Depuis quand composez-vous?
Depuis
toujours.
Qui a joué votre musique en premier?
Les musiciens
présents sur le disque Timeless Dreams. Joris Dudli, Harry Sokal et Uli Scherer.
Vous composez pour des albums? pour
des projets?
Oui, ça prend
du temps.
Mathias Rüegg a-t-il eu un impact sur
votre approche de la composition?
Non, je ne
pense pas. Mais Kenny Wheeler, certainement.
Vous êtes le coleader du trio Depart, avec Harry Sokal et Jojo Mayer. Lequel a été remplacé par Martin Valihora.
Tout a
démarré à Vienne. Au début, on était dans l’électronique, l’avant-garde, le
funk. On a fait des disques, etc. Puis, Jojo s’est installé à New York et est tellement
occupé qu’on a dû chercher un autre batteur.
Martin donne un nouveau souffle au trio.
Quelle est votre approche de la
contrebasse dans ce trio?
Je cherche
des lignes de basse qu’on n’entend pas habituellement.
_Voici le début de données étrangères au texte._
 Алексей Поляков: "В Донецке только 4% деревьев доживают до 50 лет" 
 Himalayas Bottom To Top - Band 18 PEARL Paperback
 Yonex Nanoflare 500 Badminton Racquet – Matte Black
J’ai beaucoup composé à
la basse avec ce groupe, c’est une autre façon d’écrire de la musique. Récemment,
avec Chico Freeman, on a fait un disque avec trois contrebassistes: Bänz Oester, Christian Weber et moi. Il n’est pas encore sorti, c’est un
très beau projet.
Chico Freeman et Heiri Känzig, Jazzfestival Willisau, Suisse, 2015 © Marcel Meier by courtesy of Heiri Känzig
Avec Chico Freeman, vous avez aussi enregistré
un magnifique album en duo, The Arrival (Intakt Records, 2014).
Jouer en duo, c’est super! Je ne joue pas souvent
avec Chico, on n’a fait que des festivals ensemble. J’ai aussi fait des duos
avec Matthieu Michel (tp). Et avec la
chanteuse Lauren Newton. Avec elle, on repousse les frontières!